Although I heard a lot about the Oriental Library, I really had a chance to visit him. 20 15 when I visited the school in Tokyo, I often went to the Oriental Library for a while. Although it's far from home, it's already very cold in Tokyo in1February, but the pace wrapped in winter clothes is extremely brisk. That's it!
The building of the Oriental Library is reserved. The most conspicuous buildings on the first floor are museums, reading rooms and office entrances, all in the corner.
Oriental Library is a research-oriented library, which mainly collects documents about oriental studies. Most of the people who come to consult are scholars. Although the reading room is open to the public free of charge, it has few readers, just like an independent small world. The facilities in the reading room are comfortable, but the borrowing method is very old-fashioned. Readers can only take notes in notebooks, or write in notebooks with pencils. If you need to copy, you should stick a note where you need to copy, fill in the application form in detail and hand it over to the staff for handling. Of course, there is a charge for plagiarism!

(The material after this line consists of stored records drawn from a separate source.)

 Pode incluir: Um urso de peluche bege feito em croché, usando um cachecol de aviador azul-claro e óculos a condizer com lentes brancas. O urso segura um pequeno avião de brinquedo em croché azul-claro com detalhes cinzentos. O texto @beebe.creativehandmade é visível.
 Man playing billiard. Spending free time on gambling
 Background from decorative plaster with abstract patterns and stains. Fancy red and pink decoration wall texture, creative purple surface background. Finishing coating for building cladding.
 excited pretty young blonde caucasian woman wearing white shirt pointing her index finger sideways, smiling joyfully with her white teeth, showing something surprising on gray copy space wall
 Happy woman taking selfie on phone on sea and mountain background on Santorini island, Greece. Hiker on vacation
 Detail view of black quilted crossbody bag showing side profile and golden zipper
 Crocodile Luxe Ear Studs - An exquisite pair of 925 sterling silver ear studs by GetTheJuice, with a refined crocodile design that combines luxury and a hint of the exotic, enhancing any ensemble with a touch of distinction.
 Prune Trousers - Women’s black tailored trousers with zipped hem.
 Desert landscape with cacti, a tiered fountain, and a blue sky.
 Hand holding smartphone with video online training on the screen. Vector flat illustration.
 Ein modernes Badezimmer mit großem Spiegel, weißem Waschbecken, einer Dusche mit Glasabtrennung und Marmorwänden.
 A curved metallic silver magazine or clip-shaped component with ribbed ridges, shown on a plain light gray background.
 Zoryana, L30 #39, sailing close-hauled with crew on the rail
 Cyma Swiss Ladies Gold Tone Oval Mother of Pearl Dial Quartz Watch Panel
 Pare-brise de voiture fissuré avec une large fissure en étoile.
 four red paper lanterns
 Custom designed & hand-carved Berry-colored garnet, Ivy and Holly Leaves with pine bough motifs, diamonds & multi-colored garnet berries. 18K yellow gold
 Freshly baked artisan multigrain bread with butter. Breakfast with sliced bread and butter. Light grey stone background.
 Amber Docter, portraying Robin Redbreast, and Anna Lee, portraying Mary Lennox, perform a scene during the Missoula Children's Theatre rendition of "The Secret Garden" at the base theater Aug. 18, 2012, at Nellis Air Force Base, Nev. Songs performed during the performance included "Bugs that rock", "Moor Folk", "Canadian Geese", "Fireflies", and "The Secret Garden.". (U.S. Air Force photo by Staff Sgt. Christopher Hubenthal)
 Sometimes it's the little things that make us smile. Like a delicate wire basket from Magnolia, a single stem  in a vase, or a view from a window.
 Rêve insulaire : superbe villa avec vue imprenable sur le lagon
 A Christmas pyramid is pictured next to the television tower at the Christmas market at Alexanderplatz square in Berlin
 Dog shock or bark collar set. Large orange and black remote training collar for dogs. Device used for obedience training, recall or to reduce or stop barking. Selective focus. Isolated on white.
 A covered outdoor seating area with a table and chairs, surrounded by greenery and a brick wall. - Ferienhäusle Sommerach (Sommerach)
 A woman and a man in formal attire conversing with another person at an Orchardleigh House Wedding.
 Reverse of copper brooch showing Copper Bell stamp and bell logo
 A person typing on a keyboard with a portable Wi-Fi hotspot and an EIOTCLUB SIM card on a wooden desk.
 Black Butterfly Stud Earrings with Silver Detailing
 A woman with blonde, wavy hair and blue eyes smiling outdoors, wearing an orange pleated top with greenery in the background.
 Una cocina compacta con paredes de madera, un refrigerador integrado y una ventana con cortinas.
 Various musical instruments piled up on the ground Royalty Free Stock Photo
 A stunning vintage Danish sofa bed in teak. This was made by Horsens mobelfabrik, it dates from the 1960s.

At first, I complained that plagiarism was a waste of time. Why not let the readers shoot it? Why can't collections be electronic? After a few days, I feel that the old-school approach is quite ritualized, forcing you to read the records carefully and only spend money to copy them when necessary. The rarer things are, the more precious they are.
Touching rare books and periodicals, the yellowed pages have different textures of modern paper. Every book has a history of one hundred years, and it has its own story. The Oriental Library is an intriguing story.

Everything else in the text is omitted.